#### WHAT THE EXERCISE ASKS:
Only one span of the listing below should come back. It runs from the line with "5773 La Pinata" through the line with "galaxyof.games52334519", and each of its lines must be reproduced exactly.

====== THE RECORDS ======

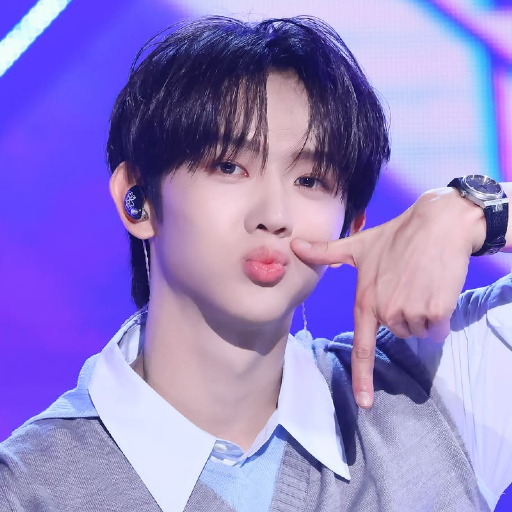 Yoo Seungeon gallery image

======
====== THE RECORDS ======

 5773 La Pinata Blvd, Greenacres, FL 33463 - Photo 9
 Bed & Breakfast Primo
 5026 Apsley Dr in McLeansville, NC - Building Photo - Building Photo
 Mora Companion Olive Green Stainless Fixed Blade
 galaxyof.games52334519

======

#### RESULT OF THIS EXERCISE:
 5773 La Pinata Blvd, Greenacres, FL 33463 - Photo 9
 Bed & Breakfast Primo
 5026 Apsley Dr in McLeansville, NC - Building Photo - Building Photo
 Mora Companion Olive Green Stainless Fixed Blade
 galaxyof.games52334519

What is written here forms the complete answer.